At BLACK ENTERPRISE’s BE Smart HBCU Summit, held on the campus of Morgan State University, education stakeholders from corporations, the government, and philanthropy, as well as students convened to explore how historically black colleges can excel at graduating students into rewarding careers, without graduates taking on too much debt.
Here are a few highlights.
Harvesting Talent for Corporate America
Panelists Skip Spriggs, senior executive vice president and chief human resources officer, TIAA; Calvin G. Butler Jr., CEO, Baltimore Gas and Electric Co.; and Renault Ross, chief cybersecurity strategist, Symantic Corp. spoke on the summit’s ‘Harvesting Talent for Corporate America’s Future’ panel, with Janice Bryant Howroyd, chairman & CEO, Act-1 Group, as the moderator.
“Employment is no longer a local issue, Spriggs told the audience, explaining that today’s graduates are competing with professionals from all over the world. Spriggs adjured students to be vigilant when applying for a job online. If you don’t follow every step exactly, your application is rejected.
A Morgan State University instructor asked about a problem her students encountered; not being able to pass tests administered by employers. “If your students are disproportionately scoring lower, Spriggs told her, “contact the organization and find out why.”
Butler said that such tests are a “filter, but could include bias, even if unintentionally. It’s possible to improve passing rates by working with the organization to develop a type of study guide, he suggested.
Angelica Willis, a senior at North Carolina A&T State University, spoke on the panel ‘Millennial Minds Matter,’ with Matthew Reeds, a Morgan student regent, and Alize Beal, co-founder of HBCU Puissance Scholarship Committee, Inc. The panel was moderated by Luke Lawal, founder and CEO of HBCU Buzz, a partner of BLACK ENTERPRISE.
“Don’t stay within the HBCU bubble, Willis urged fellow students. Willis has enjoyed internships at Apple, Google, and Bank of America, and is also a University Innovation Fellow at Stanford University. She credits her school for opening up these opportunities to her, and says that having a strategy of earning good grades your first year brings you to the attention of professors and others, who will recommend you for such opportunities.
A panel of HBCU presidents looked squarely at their challenges running these storied institutions. Joining David Wilson, Ed.D., president of Morgan State University, on the panel was Roslyn Artis, J.D., Ed.D., president of Florida Memorial University and Ronald L. Carter, Ph.D., president of Johnson C. Smith University. The President Emerita of Spelman College, Beverly Daniel Tatum, Ph.D., moderated the panel.

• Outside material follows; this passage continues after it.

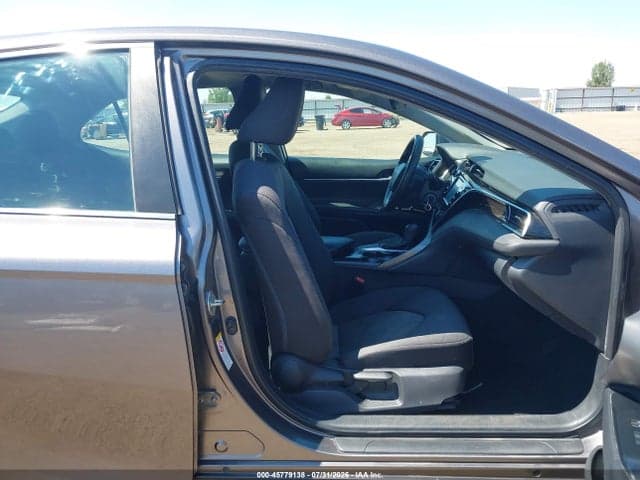 2018 TOYOTA CAMRY LE 5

Tatum asked if the larger political climate was increasing interest in HBCUs. Artis answered that 11 HBCUs saw record enrollments last fall.
Wilson spoke of Morgan’s collaborations with the University of Maryland, and that partnerships were in the works with some Ivy League institutions. Collaborations are one way to circumvent the resource restraints HBCUs often operate under.
Tatum spoke of the scholarship counselor she’d embedded in the freshman experience class, stating, “Spelman is good at connecting students with other people’s money.
The BE Smart HBCU Summit examined opportunity from every angle: institutional collaborations, scholarships, excelling in school, working with test administrators, and these all add up to greater opportunity for HBCU students.